### Records shown
──────────────────────────────

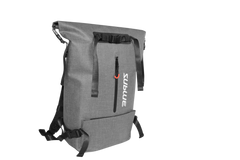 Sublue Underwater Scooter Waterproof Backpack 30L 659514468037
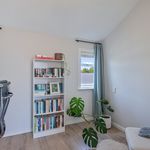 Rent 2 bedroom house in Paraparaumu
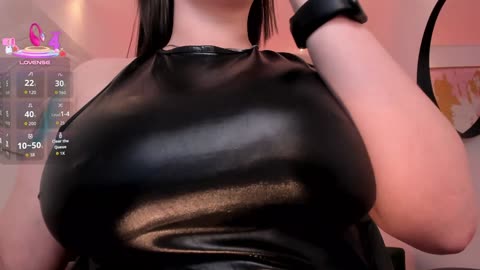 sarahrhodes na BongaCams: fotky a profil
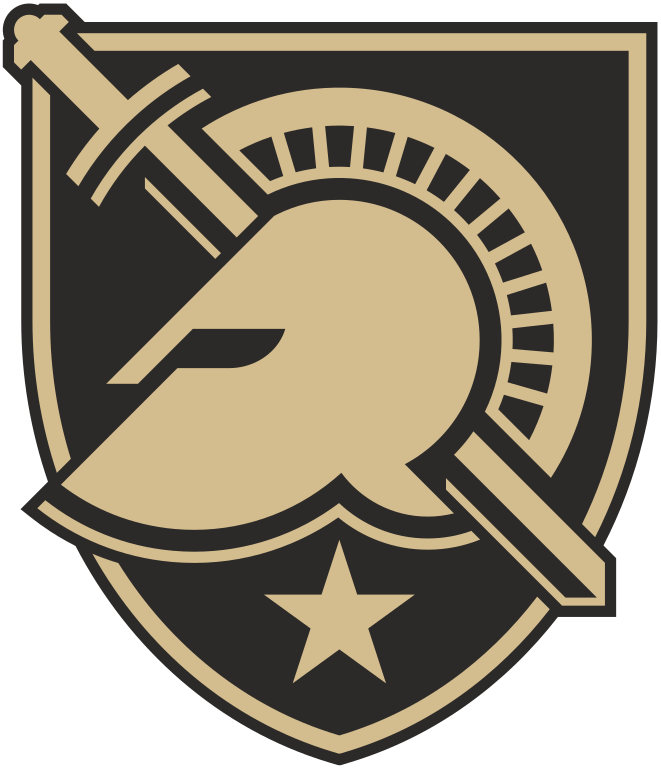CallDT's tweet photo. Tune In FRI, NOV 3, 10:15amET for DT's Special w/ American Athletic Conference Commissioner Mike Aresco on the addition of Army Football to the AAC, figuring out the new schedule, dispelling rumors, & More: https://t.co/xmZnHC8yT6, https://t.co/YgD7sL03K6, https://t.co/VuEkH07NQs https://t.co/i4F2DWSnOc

──────────────────────────────

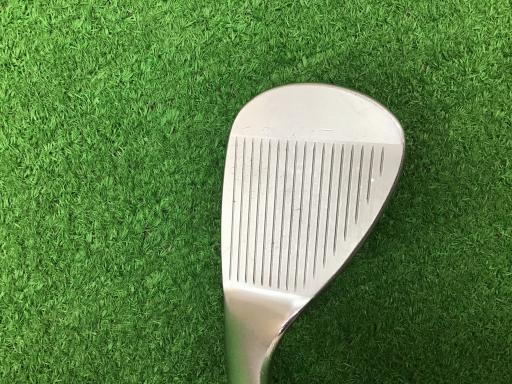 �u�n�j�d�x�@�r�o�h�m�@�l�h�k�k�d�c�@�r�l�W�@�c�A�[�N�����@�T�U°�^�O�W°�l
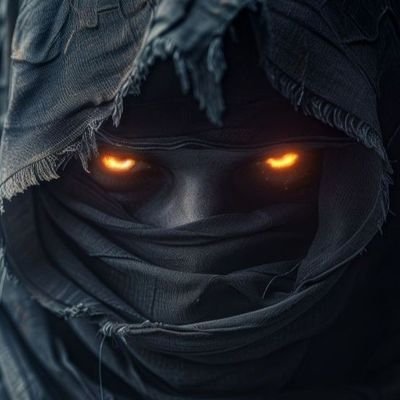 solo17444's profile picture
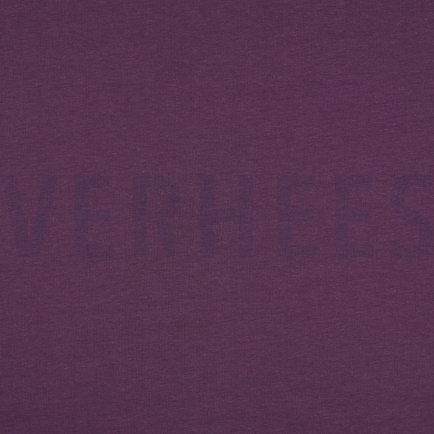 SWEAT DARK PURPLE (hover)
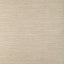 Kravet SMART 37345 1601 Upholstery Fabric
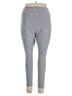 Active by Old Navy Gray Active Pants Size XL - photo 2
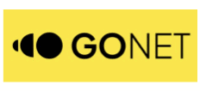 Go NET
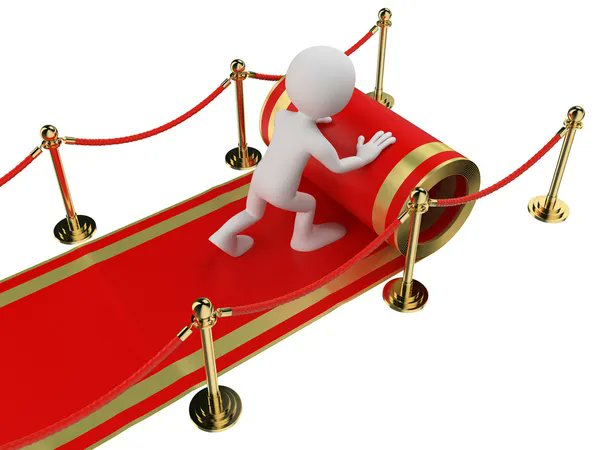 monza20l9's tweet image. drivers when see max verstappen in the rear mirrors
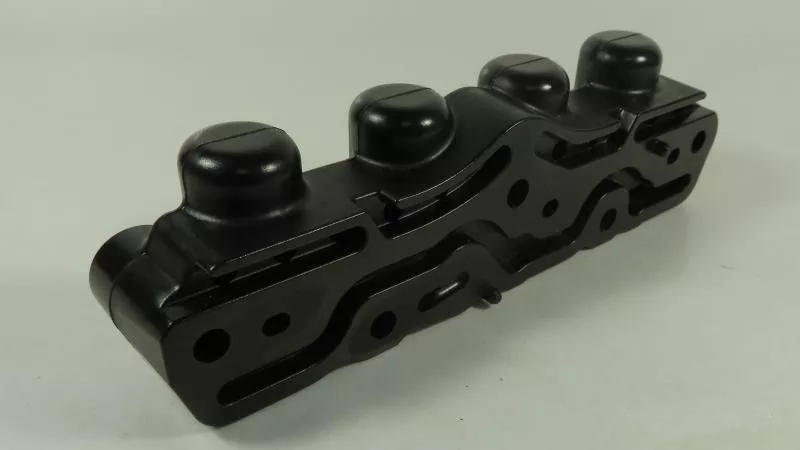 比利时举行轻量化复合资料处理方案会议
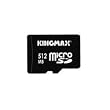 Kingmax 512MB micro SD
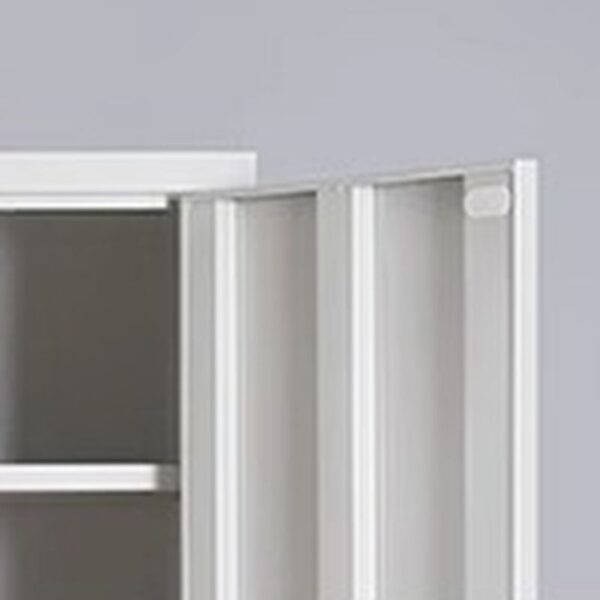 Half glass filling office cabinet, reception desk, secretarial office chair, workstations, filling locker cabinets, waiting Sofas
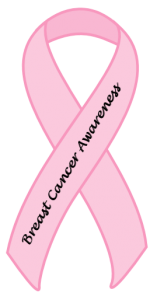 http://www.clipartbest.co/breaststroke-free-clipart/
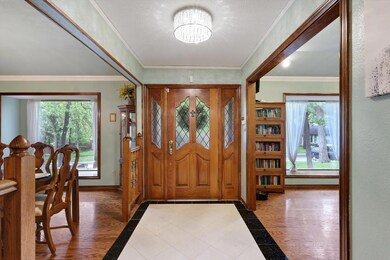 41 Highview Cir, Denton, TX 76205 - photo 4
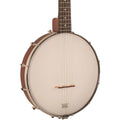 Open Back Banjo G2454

──────────────────────────────

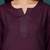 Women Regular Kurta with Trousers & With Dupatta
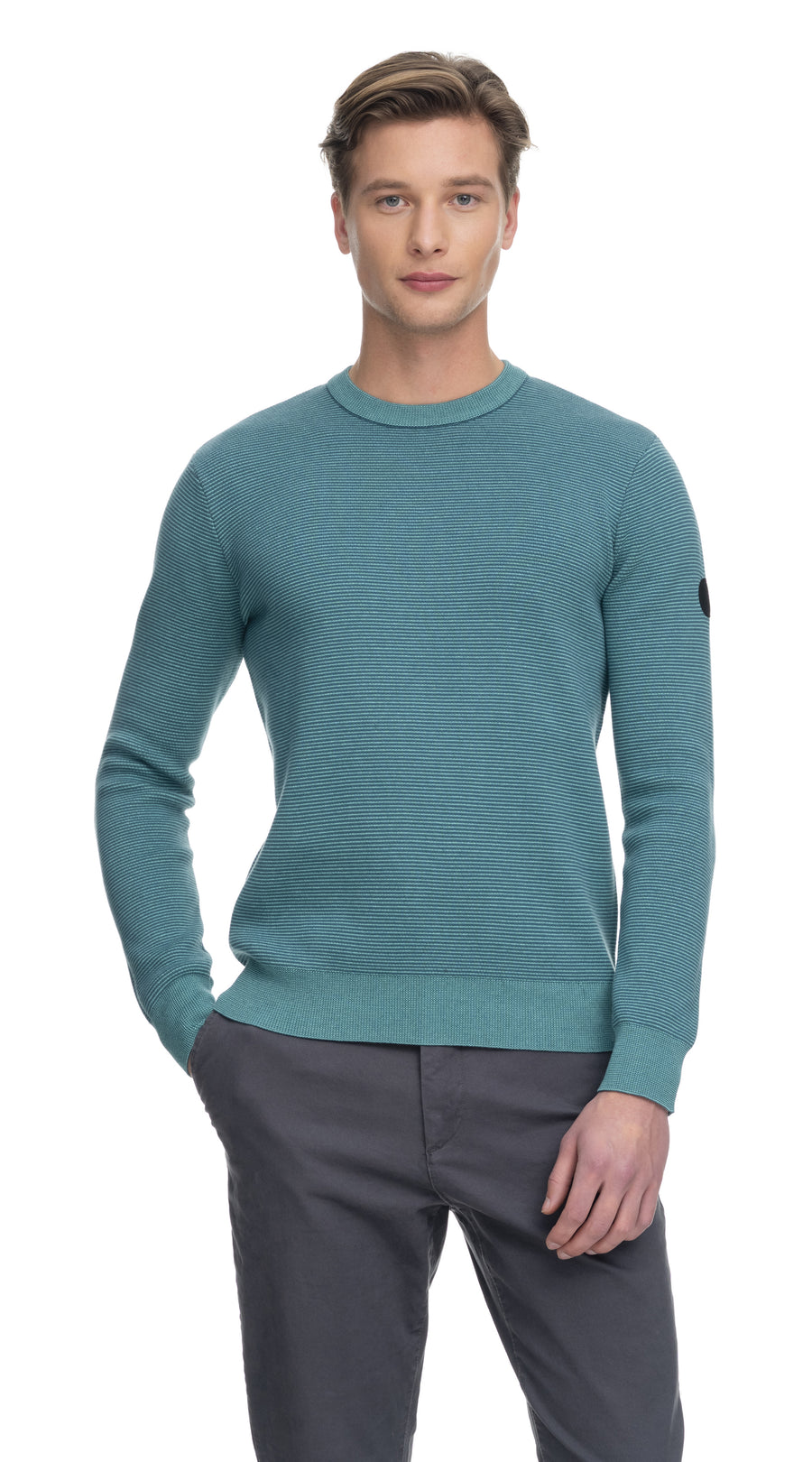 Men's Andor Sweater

──────────────────────────────

Once the line with "Sublue Underwater Scooter" is found above, print it and every line after it through the line with "CallDT's tweet photo.", exactly. Pictures stay out.

 Sublue Underwater Scooter Waterproof Backpack 30L 659514468037
 Rent 2 bedroom house in Paraparaumu
 sarahrhodes na BongaCams: fotky a profil
CallDT's tweet photo. Tune In FRI, NOV 3, 10:15amET for DT's Special w/ American Athletic Conference Commissioner Mike Aresco on the addition of Army Football to the AAC, figuring out the new schedule, dispelling rumors, & More: https://t.co/xmZnHC8yT6, https://t.co/YgD7sL03K6, https://t.co/VuEkH07NQs https://t.co/i4F2DWSnOc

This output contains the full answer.